Everybodys Darling: Das war einmal
Wer als junger Chef nur beliebt sein will und es aus Angst, nicht akzeptiert zu werden, allen recht machen will, begibt sich auf Glatteis. Schließlich gilt es auch unpopuläre Entscheidungen zu treffen - und dazu zu stehen. "Da muss man durch", sagt Christine Dornaus, 49, Vorstandsdirektorin der Wiener Städtischen Versicherung AG. Sie wurde 1996 - im Alter von 33 Jahren - von ihrem damaligen Arbeitgeber Kathrein Bank in den erweiterten Vorstand berufen. Vier Jahre später folgte die nächste Führungsposition als stellvertretende Bereichsleiterin in der Wiener Städtischen. Und Dornaus klomm die Karriereleiter weiter nach oben. Was sie jungen Führungspersönlichkeiten in spe auf den Weg mitgeben will: Sie sollten in erster Linie fachliche und soziale Kompetenz vermitteln und nicht mit fixen Vorgaben in die neue Aufgabe reingehen, sondern "die Leute mit ins Boot nehmen".

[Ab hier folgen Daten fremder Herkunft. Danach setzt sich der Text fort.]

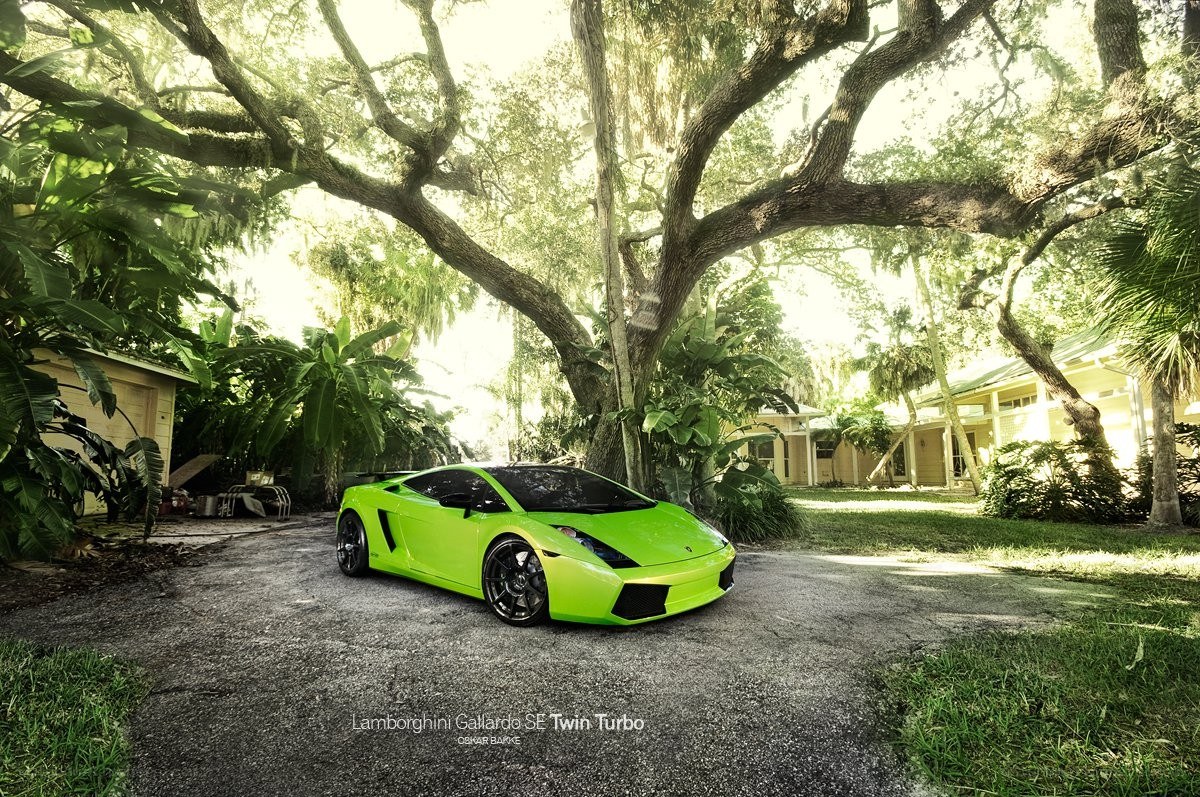 Green Lamborghini in a driveway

Was der oder die "Neue" fachlich draufhat, wird von den Mitarbeitern besonders getestet, bestätigt auch Alexander Frech, 32, seit November des Vorjahres neuer Geschäftsführer von bauMax Österreich. Doch das ist nicht alles. Frech: "Selbstreflektiertes Handeln und Empathie sind die Schlüsselfaktoren, um akzeptiert zu werden, auch wenn die Mitarbeiter deutlich älter sind."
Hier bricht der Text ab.